After a leisurely hotel breakfast we strolled along the riverside promenade known as Long Bridge admiring its historical granaries and huge crane gate. The Żuraw Crane is one of the finest intact medieval cranes in Europe and, interestingly, it also acted as a city gate and defensive fortification. It was built to hoist ship’s masts as well as to load them with cargo. The National Maritime Museum buildings are located nearby and face each other across the river with a ferry boat operating at regular intervals to transport visitors between exhibition halls.
Moored on the quayside is the museum ship SS Soldek which was the first ship to be built in Poland after the Second World War. The Soldek was launched in 1948 and served as a coal and ore freighter.
Continuing our morning stroll, it took us approximately 15 minutes from the ship to reach the Museum of the Second World War which only opened in March 2017. Overlooking the Motława river, the museum is divided into three sections reflecting connections between the past, present and the future. The ‘past’ is located underground, whilst the ‘present’ is the large square surrounding the building. Looking to the future is a futuristic leaning tower with a glass facade rising to a height of 40.5 metres. The tower contains a library, lecture and conference rooms with plans for a rooftop restaurant to be opened during the summer.
The museum is one of the largest in the world and is unusual in being 14 metres below ground level. A broad flight of steps lead down to the entrance with access lifts available if needed. Admission is 23zl with free admittance on Tuesdays.
The galleries present the story of war from a Polish perspective within a broader international context. The architectural idea assumes that the evil of war is hidden underground and the light of hope appears through an overhead crack, linking the interior with the outside world.

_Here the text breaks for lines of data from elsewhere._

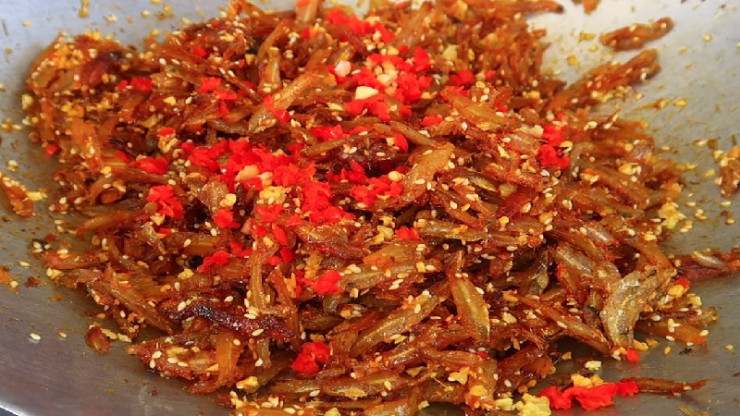 Món ngon cuối tuần: Cá cơm khô rim tỏi ớt đậm đà hao cơm - 3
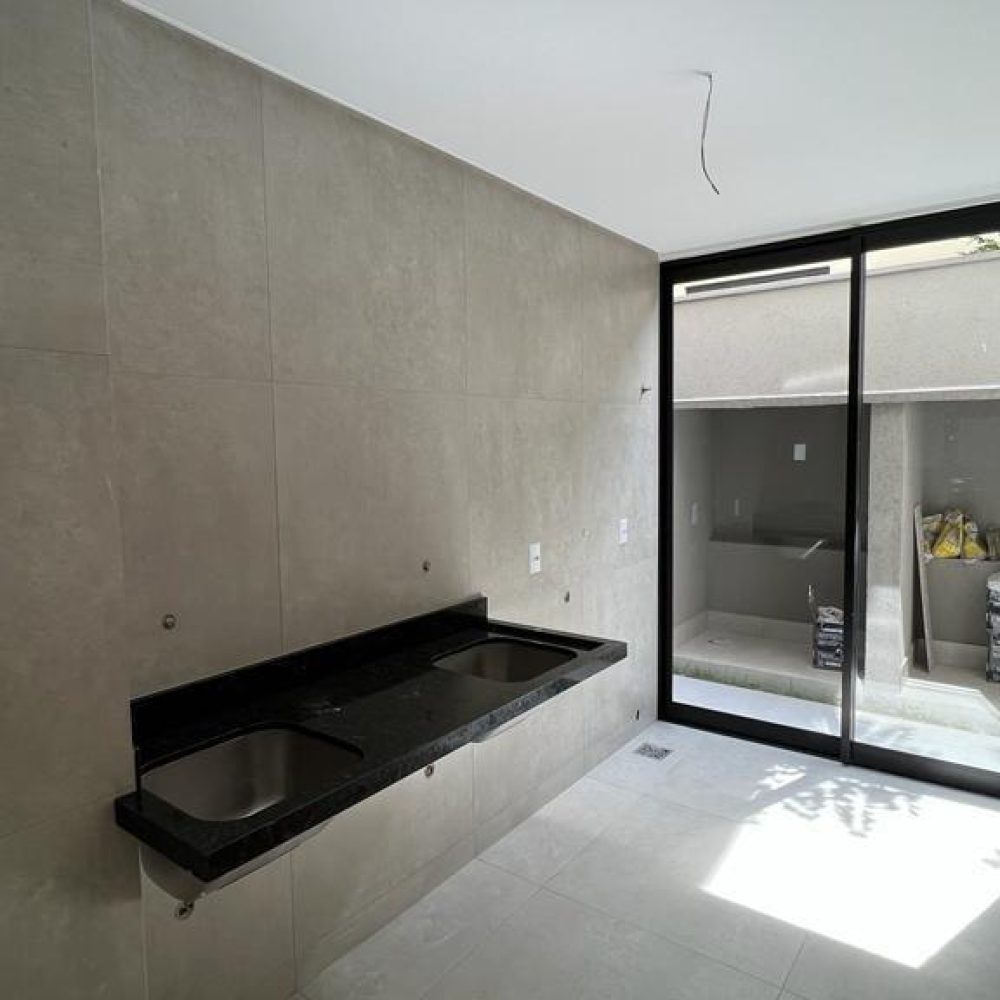 ︎ Sobrado no Jardins Madri com 290m2 (20)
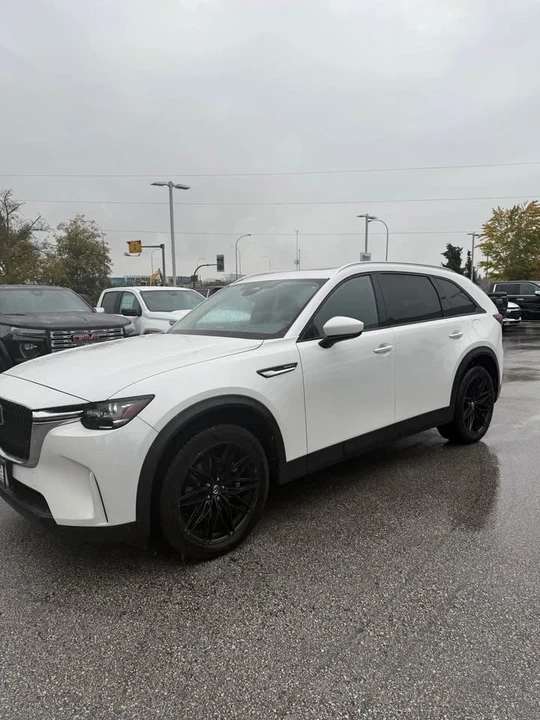 2024 Mazda CX-90 - Image 2 of 9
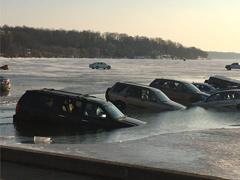 08.02.2016 ::: Parkirali su automobile na zaleđenom jezeru, a onda je naglo otoplilo (FOTO)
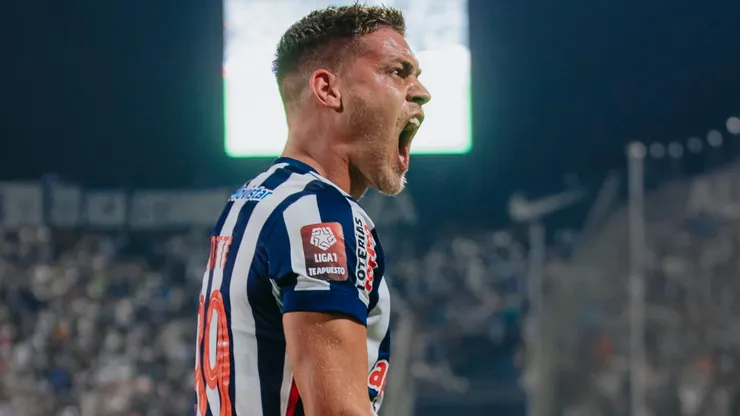 Federico Girotti celebrando.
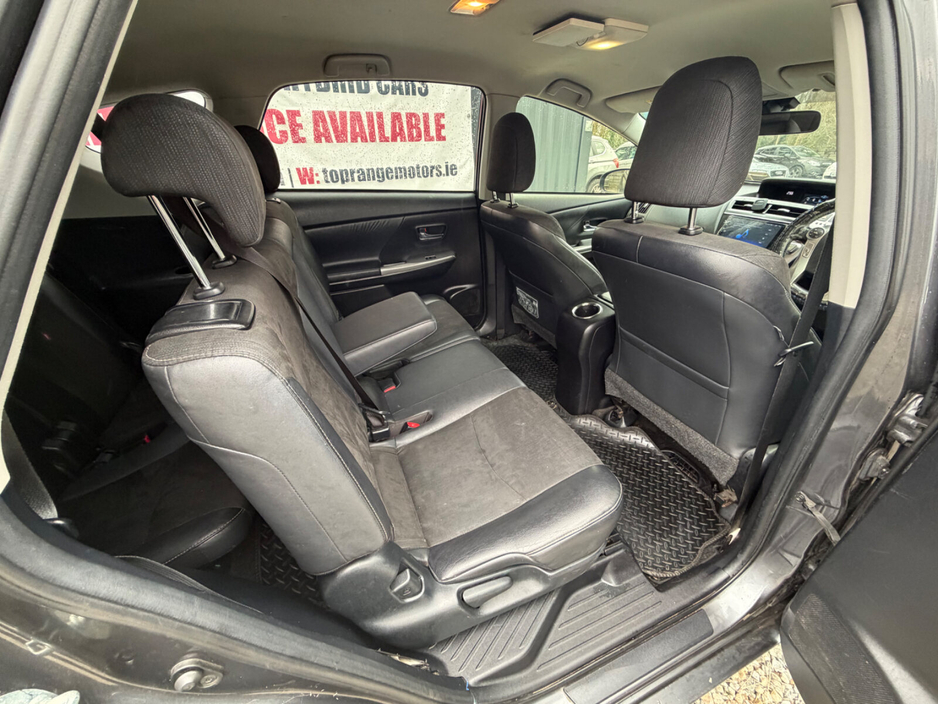 2016 Toyota Prius - image 10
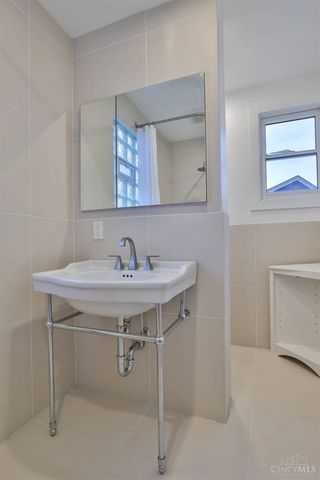 3267 Nash Avenue, Cincinnati, OH 45226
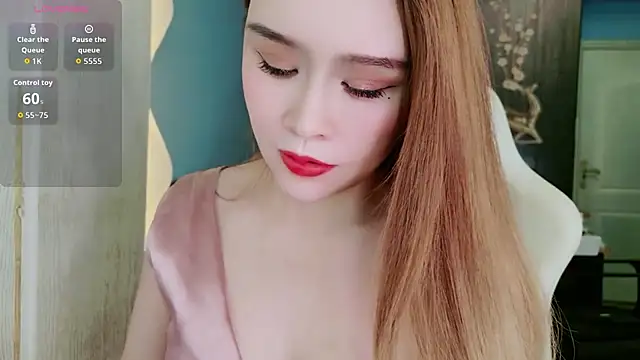 Snapshot of HU131452 chatting on 14, 7, 2026 HU131452 online show from 14, 7, 2026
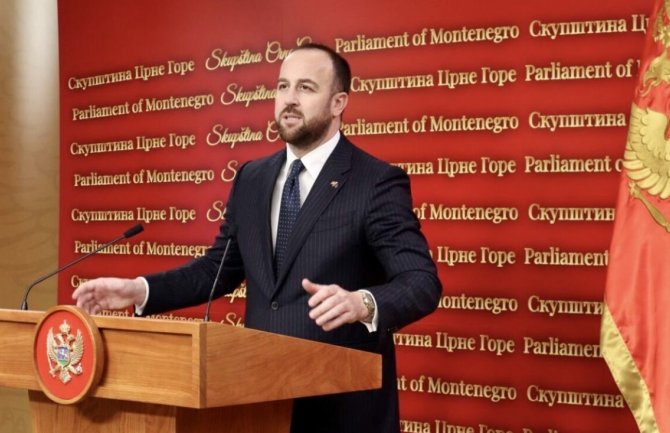 Nikolić: Poslanici DPS-a biće sjutra ispred suda za prekršaje da pruže podršku Batrićeviću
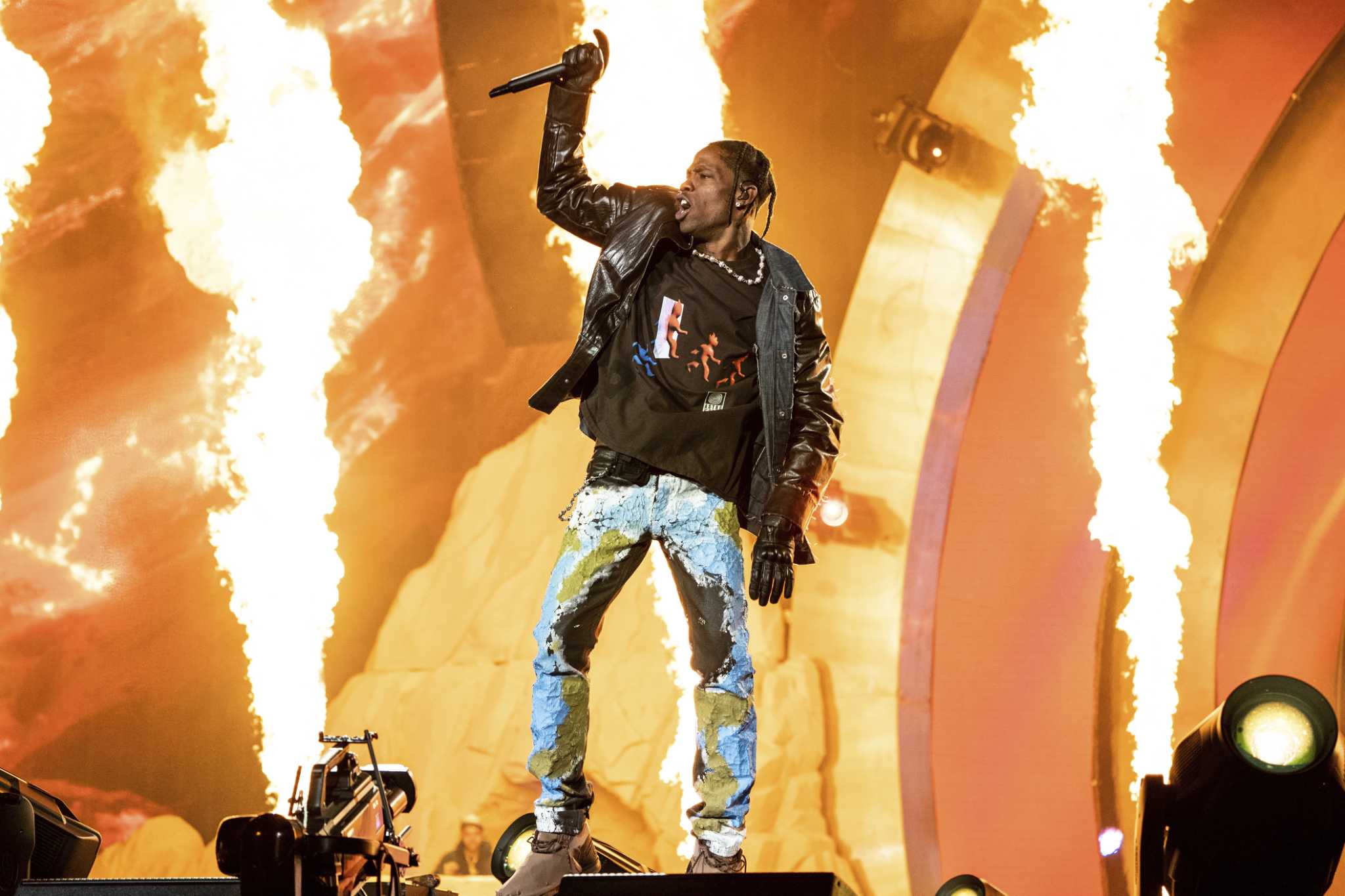 Travis Scott's 'Utopia' Debuts at No. 1 With Massive Streaming Numbers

We spent almost three hours exploring the museum, wandering along recreated streets, peering inside cramped air raid shelters and viewing the huge collection of artefacts. Many of these were personal belongings of families involved with the war which have been donated to the museum. Even if you are not a history buff I think you would find this museum a moving experience and I would certainly recommend setting a few hours aside for a visit.

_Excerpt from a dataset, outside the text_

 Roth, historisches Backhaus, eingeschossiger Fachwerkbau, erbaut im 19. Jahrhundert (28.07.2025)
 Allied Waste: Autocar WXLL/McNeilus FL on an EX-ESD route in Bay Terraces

A short walk from the Museum of the Second World War lies the Polish Post Office which has historical significance from its opening in 1920, when it operated until the German invasion of Poland, marking the beginning of WW2. The building was not only the home of the Post Office but also acted as the intelligence gathering centre for the Polish government.
It was badly damaged and nearly destroyed by the end of the war and was reconstructed in the early 1950’s. It is still a functioning post office with a small museum dedicated to the local postal history. We had hoped to visit this museum as it was scheduled to be open on the day of our visit but we were disappointed to find a note pinned to the door announcing a two day closure. For those of you who are regular readers of my blog, you will know that I have a love for anything post related and try to visit as many postal museums as I can on my travels. The actual post office was open so we were able to look in there and view one of Poland’s original postboxes outside the closed door of the museum but we had to leave viewing the museum itself until a future visit.
Our next stop was for some lunch in a cosy cafe. Along with Krakow, Gdansk has an abundance of inviting, small, independent cafes with attractive soft furnishings and without doubt the best hot chocolates on the planet!
We could easily have prolonged our lunch break but with more places to see, we studied our map and made our way over to the north west of the old town. Here we visited the Gdansk Shipyards where the Solidarity movement was formed that helped to overturn communism.
Arriving in Solidarity Square we viewed the monument to the 42 fallen workers of the 1970’s strikes next to the infamous Shipyard gates. Even today, people still bring flowers and flags and place them on the gate to express their gratitude to Lech Walesa and the Solidarity movement.
The 1970 protests ended in the death of workers and the birth of what was to become Solidarity. Ten years later in 1980, Lech Walesa led his workers on a series of demonstrations, fighting the forces of Soviet communism in the name of solidarity and contributing to the collapse of the system. He was the co-founder of the Solidarity movement which grew rapidly to 10 million members, over a quarter of the Polish population.
Walking through the gates, we came to the European Solidarity Centre which has been constructed on the very spot where opposition to the communist regime was born. The shape of the building has been designed to resemble one of the ships that was built there.
The centre contains exhibition rooms, a library and conference facilities telling the story of the Solidarity movement. One of the rooms is dedicated to Pope John Paul II who gave people hope and motivation during the darkest days of the regime.
We took the lift to the rooftop observation deck which is 25 metres high. From the viewing terrace we had good views over the former Gdansk Lenin Shipyard and the old town. During the summer months it would be pleasant to sit on one of the benches in the rooftop garden but on our visit it was too cold to be able to relax there.
After a fascinating day learning about the history of Poland we returned to our hotel for a rest before going out to eat. The old town of Gdansk is beautiful both day and night and later we enjoyed an evening stroll wrapped up warm to protect us from the cold. We returned to our hotel through the Golden Gate which leads onto Granary Island where the Novotel is based.